Internet Explorer Antitrust Case Set To Expire
jbrodkin writes "The judgment in United States vs. Microsoft is on the verge of expiring, nearly a decade after antitrust officials ruled Microsoft unfairly limited competition against its Internet Explorer browser. Microsoft has two more weeks to fulfill the final requirements in the antitrust case, which is scheduled to expire on May 12. Although Netscape ultimately didn't benefit, the settlement seems to have done its job. From a peak of 95% market share, by some estimates Internet Explorer now has less than half of the browser market. Microsoft, of course, filed its own antitrust action against Google this week, and even commented publicly on the irony of its doing so, noting that Microsoft has 'spent more than a decade wearing the shoe on the other foot.'"
The settlement did nothing. It was Mozilla and Firefox which revived competition in the browser market.
"I've got more toys than Teruhisa Kitahara."
Microsoft does some things right and other things really wrong, but never only one or the other... their forced efforts are always a sad uneven mixture of the two.
IE has always been terrible.
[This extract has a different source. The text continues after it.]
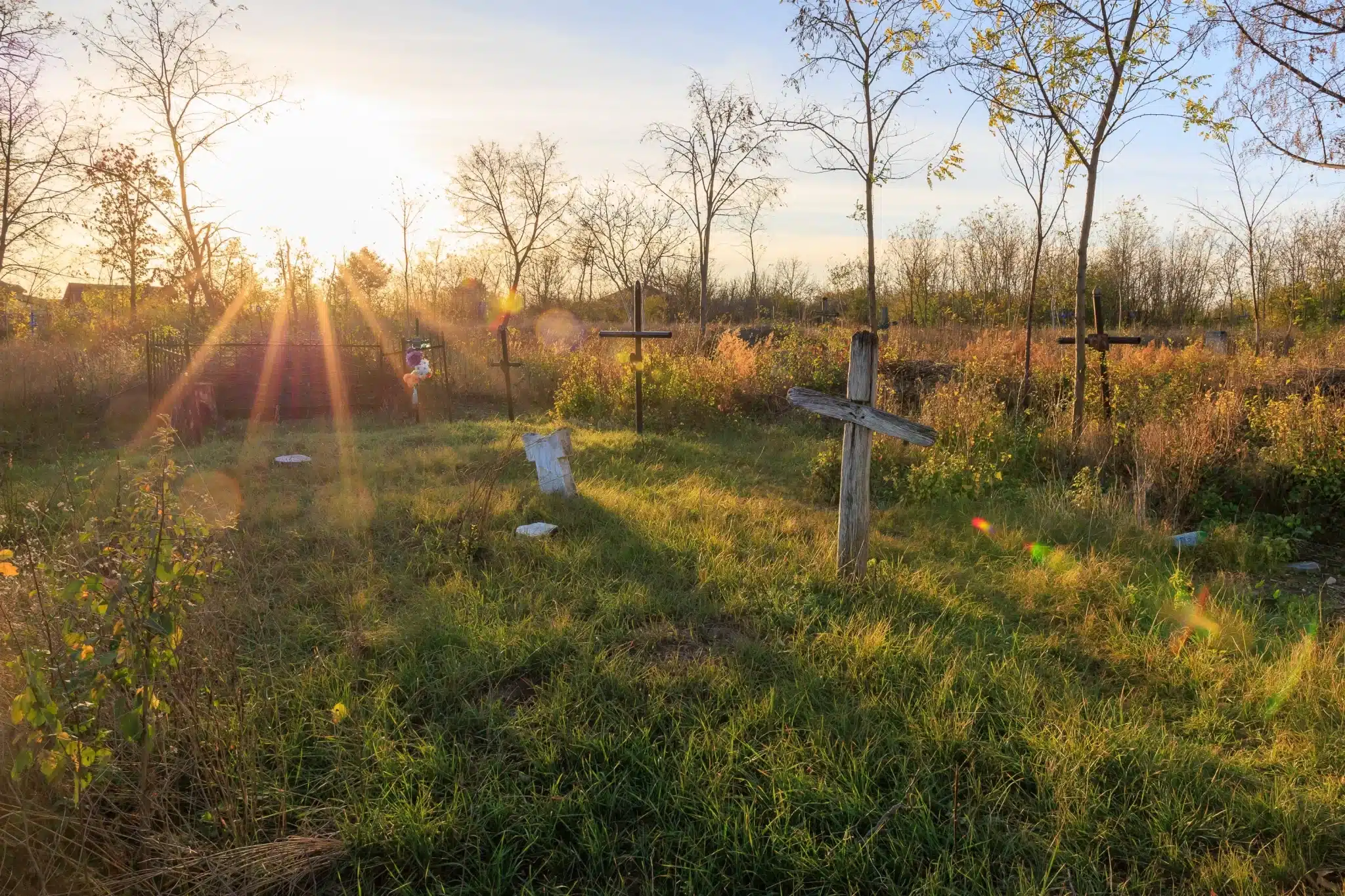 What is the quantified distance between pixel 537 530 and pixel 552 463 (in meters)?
1.10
Perhaps when Netscape was just starting out, IE may have been somewhat better from a UI standpoint only, with fancy hooks into the OS of the day... but standards trump bells and whistles and IE cannot compete against browsers coded correctly. This is typically because the philosophy of these other products available is to create something that delivers web content safely, rather than trying to control the internet by stifling web development into a proprietary lock-in scheme designed to generate wealth rather than deliver what people want.
The dangers of knowledge trigger emotional distress in human beings.
but they did allow OEM's to use other operating systems. The issue was that they gave preferrential pricing to OEM's that agreed to pay based on the number of machines they shipped, hence the best pricing came by licensing for every machine. bas
I'm going to have to disagree on 2/3 of your arguments. First of all, yes what they did with Netscape was terrible. The anti-trust judgement was brought because it was a classic case of monopoly abuse. Microsoft used their exceedingly dominant position in Operating Systems as leverage to gain ground in the Web Browser market. Integrating IE into the OS really only did 2 things: 1) ensured that the average user would never look any further for a web browser (in fact, most new users weren't, until the last few years, aware that anything other than the blue 'e' existed for browsing the web) and 2) opened a number of security vulnerabilities due, in large part, to the browser's close ties to the OS.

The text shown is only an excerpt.